C’est également durant cette année qu’elle a obtenu ses premières rémunérations pour un remplacement quotidien à l’émission du matin. « J’ai même dû, à un moment, suivre des cours à distance lorsqu’ils m’ont proposé un boulot. Et puis quand j’ai fini le Certificat, deux mois après, j’avais du travail. Ils ouvraient un poste et je l’ai eu. »

C’est un petit milieu où, à force, ton nom circule très vite.

Pour expliquer cette apparente fluidité du marché de l’emploi en journalisme, Jessica évoque la pénurie de main-d’oeuvre au Québec, mais également la taille réduite de la province, qui permet plus facilement de construire un réseau. « À partir du moment où, en tant que journaliste bénévole, tu commences à sortir un peu pour couvrir des événements, tu rencontres des attachés de presse, des organisateurs, d’autres journalistes, etc. C’est un petit milieu où, à force, ton nom circule très vite. Alors qu’à Paris, ou dans les grandes villes, il y a beaucoup de monde, notamment des grands noms qui sont là depuis longtemps. Ici, la population vieillit, les vieux journalistes partent à la retraite et laissent la place aux plus jeunes. »

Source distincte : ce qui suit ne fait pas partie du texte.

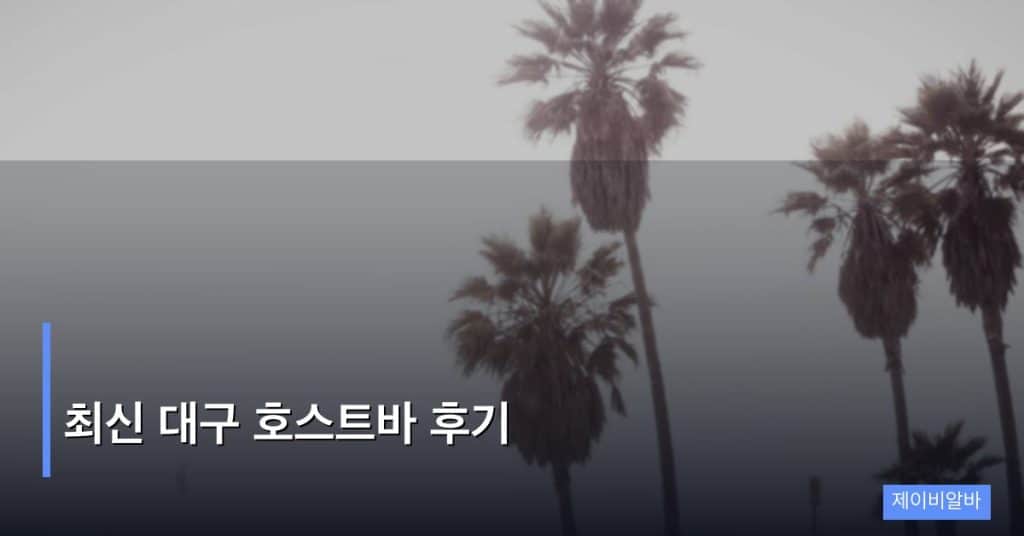 최신 대구 호스트바 후기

Au Québec, la population des universités s’est transformée. Alors que la baisse démographique que connaît la province a provoqué un ralentissement du nombre d’étudiants québécois, les jeunes internationaux sont en revanche de plus en plus nombreux à y poursuivre leurs études. Mais la diminution du nombre d’étudiants en second cycle s’explique aussi par un marché du travail en forte demande, y compris dans le journalisme. La crise des médias, comme partout ailleurs, a fortement affecté la presse au Québec. Malgré cela, un jeune journaliste motivé a toutes les chances d’y trouver sa place, que ce soit dans les médias universitaires ou communautaires, toujours à la recherche de nouvelles plumes, ou dans les médias importants, comme Radio Canada, qui s’attache à former de jeunes journalistes en les postant en début de carrière dans des zones reculées. Le Québec est-il en voie de devenir l’El Dorado des aspirants journalistes francophones ? Une chose est sure, la voie est grande ouverte.